With the purchase of new storage systems, a question arises: whether to choose conventional technology i.e. rotating hard disks or HDDs or much faster and more robust semiconductor-based Solid State Drives (SSDs)?

Except in particularly cost-sensitive markets, SSDs are the preferred choice for workplace computers with one or two local storage components and capacity requirements in the area of 250GB up to a few TB. However, the situation differs when it comes to large centralised storage servers in data centres and cloud storage. Enterprise SSDs are up to 10x more expensive than hard drives per capacity and the industry is still far from any price parity. With large storage systems in the range of dozens of TB or more it makes sense, from a commercial point of view, to use comparatively cost-effective HDD-based storage. However, HDDs are known to be slower than SSDs: about 25% to 50% slower at sequential access and magnitudes of tens slower when it comes to random access. Thus, the demand for "agile" storage cannot be neglected when comparing HDDs against SSDs.

There are two ways to look at this:

1) How to implement inherently fast SSD-based, large capacity storage as cost effectively as possible?
2) How to configure slower HDD-based storage to be as agile as possible?

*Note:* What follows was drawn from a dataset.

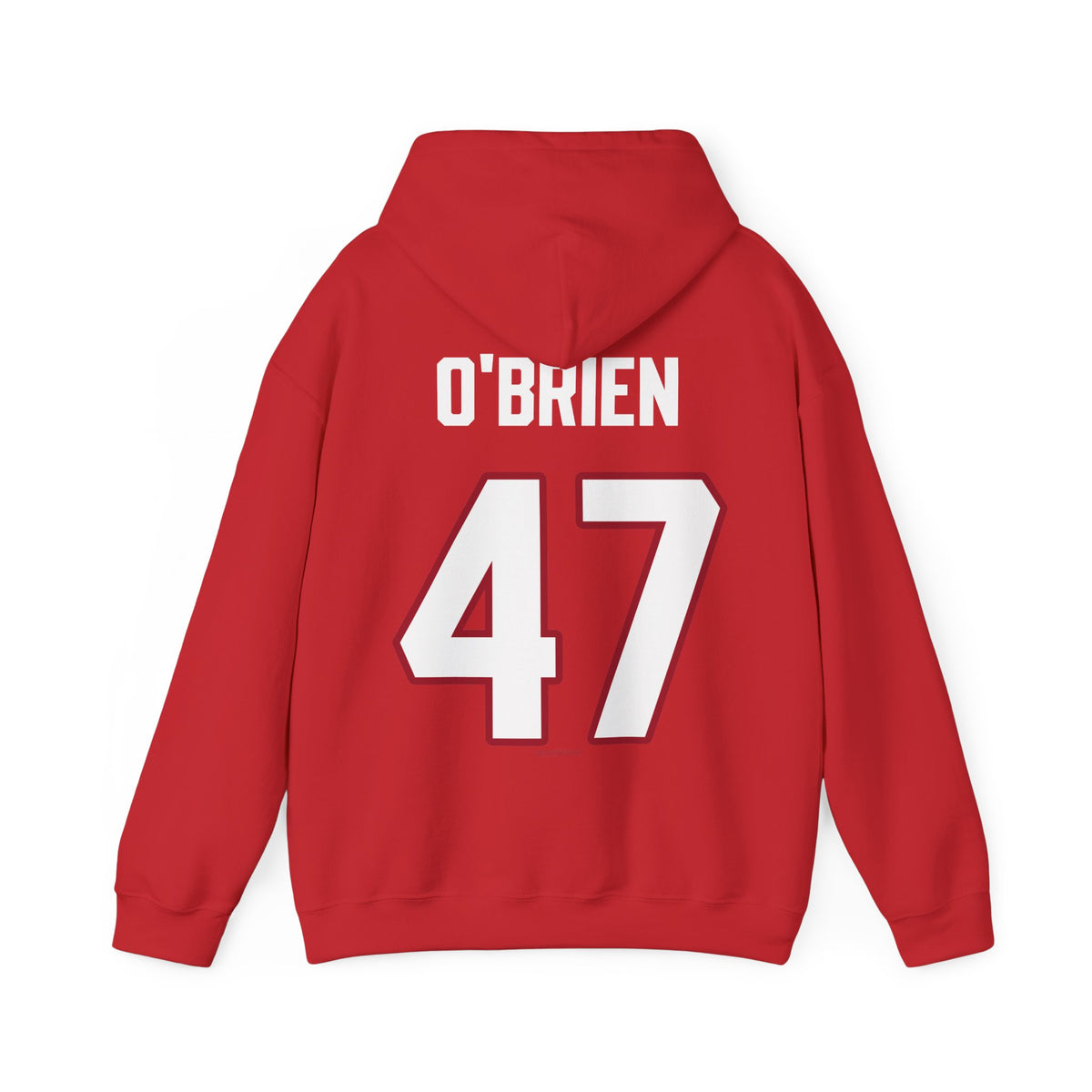 MK O'Brien Detroit Hockey Club Unisex Hoodie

The ideal solution would be a "hybrid" combination of SSD and HDD in storage systems with caching or tiering. There has been a lot of news coverage about this technology as it offers useful and attractive solutions, but the performance, however, is dependent on current implementation, data access, configurations and can rarely be predicted with certainty. To understand more it is useful to look at a direct comparison of the monolithic implementation of local RAID sets between HDDs and SSDs.

The initial questions were: Is it possible to build a storage system of 50TB to 100TB with 60 comparatively low-priced enterprise capacity ("nearline") HDDs with 7200rpm to meet the needs of "storage for virtualisation" and "e-mail serving" or do you have to choose SSD-based solutions? Which architecture is suitable for HDDs to achieve maximum possible performance and how big is this system? How should SSDs be used as an alternative?

TEST CASE
Sixty 2TB 7200rpm 12GB/s SAS HDDs (Toshiba MG04SCA20EE) were installed in a Chenbro 4U 60 bay "RM43260" JBOD as RAID10 on a Microsemi Adaptec ASR8885 and with all cache functions turned off for comparability. Thus, 60TB net capacity is available and the controller can distribute data to various disks concurrently thanks to the RAID0 functionality. The protection function of the RAID1 - solely mirroring - takes complex parity calculations off the controller.

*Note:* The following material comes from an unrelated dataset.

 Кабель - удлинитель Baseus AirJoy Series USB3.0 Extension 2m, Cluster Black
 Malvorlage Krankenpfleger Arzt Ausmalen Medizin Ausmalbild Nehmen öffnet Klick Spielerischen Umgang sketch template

Results for the application as an e-mail server: With the typical load of an e-mail server - "fio"-emulated in the lab by 64k byte blocks, randomly writing and reading from 12 jobs - the 60TB storage system achieves 8300MB/s data throughput at 1300 I/O-operations per second (IOPS).

COMPARISON WITH SSD SOLUTIONS
For comparison, a storage system with enterprise SSDs was built, but kept to the commercial framework set by the 60 HDD storage. For the budget of 60 2TB HDDs and a simple 60-bay JBOD it is possible to obtain between eight to ten enterprise SSDs with 1.6TB storage capacity and a write endurance of 3 DWPD. Three DWPD should be the minimum for "agile multi-purpose" enterprise systems, as the HDDs to be compared have no write endurance limitation due to the technology. Eight SATA 6GB/s eSSDs of 1.6TB storage capacity (Toshiba THNSN81Q60) were integrated directly into the front plane of the server and configured as RAID6 (also on an Adaptec controller). In this case on a similar, second model, to avoid interference when operating both RAIDs. RAID6 was chosen because the comparatively expensive SSDs should be optimised for minimal redundancy overhead.

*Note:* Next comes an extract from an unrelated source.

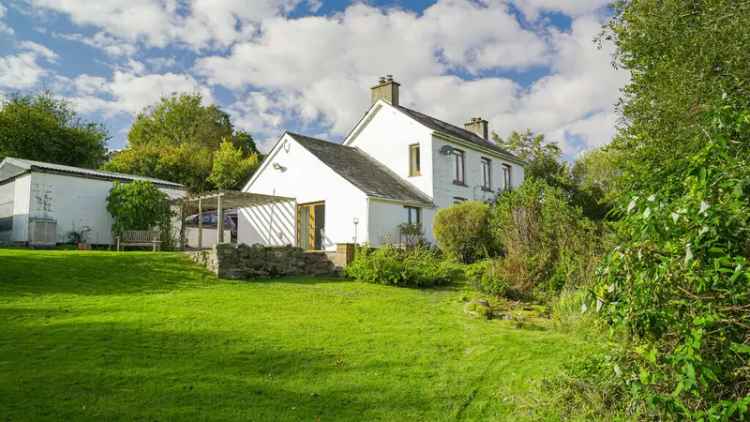 Detached House for sale with 3 bedrooms, Tancoed, Llanfair Clydogau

With the same synthetic "e-mail server" load, the SSD array offers 600MB/s at 9400 IOPS, which is slightly less than the HDD solution. Although a single SSD is much faster than the HDD, the HDD solution scores due to the large number of thirty parallel disks. In the SSD model there are eight disks working in parallel and the controller is still engaged in calculating the parity information of the RAID6. The main contributor in this application, however, is the available net storage capacity: the HDD array offers 60TB, the SSD array at the same cost and with the same performance only 10TB. STORAGE FOR VIRTUALISATION
Let's look at other applications for the same configurations: As an approximate synthetic workload of a storage server for virtualised environments, we assume 16k byte blocks, random read/write through 12 jobs.

The HDD RAID10 offers 230MB/s with 14400 IOPS, therefore, due to the smaller block size, it takes longer finding the data than the actual read/write. Owing to its technology, the SSD array does not have to search for data on rotating disks but delivers 36200 IOPS and 560MB/s - which is two times faster. However, there is still six times less storage capacity. The decision should be: "It depends" - Do I want to optimise for processing speed or high storage capacity?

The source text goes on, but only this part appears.